[Start of Attachment]

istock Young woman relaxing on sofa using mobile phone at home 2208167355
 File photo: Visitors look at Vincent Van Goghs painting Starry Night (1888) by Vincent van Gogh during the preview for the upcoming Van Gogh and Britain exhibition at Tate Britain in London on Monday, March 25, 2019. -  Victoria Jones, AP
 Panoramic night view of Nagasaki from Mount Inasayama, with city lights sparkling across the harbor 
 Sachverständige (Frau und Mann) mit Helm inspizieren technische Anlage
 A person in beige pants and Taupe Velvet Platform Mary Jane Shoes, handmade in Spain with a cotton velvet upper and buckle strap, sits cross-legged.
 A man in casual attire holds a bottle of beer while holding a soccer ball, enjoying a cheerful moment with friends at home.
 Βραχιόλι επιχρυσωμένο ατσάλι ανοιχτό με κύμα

[End of Attachment]

__TASK DESCRIPTION__.
Show a copy of each line from the data that includes the word "with".

__SOLVED EXERCISE__.
 Panoramic night view of Nagasaki from Mount Inasayama, with city lights sparkling across the harbor 
 A person in beige pants and Taupe Velvet Platform Mary Jane Shoes, handmade in Spain with a cotton velvet upper and buckle strap, sits cross-legged.
 A man in casual attire holds a bottle of beer while holding a soccer ball, enjoying a cheerful moment with friends at home.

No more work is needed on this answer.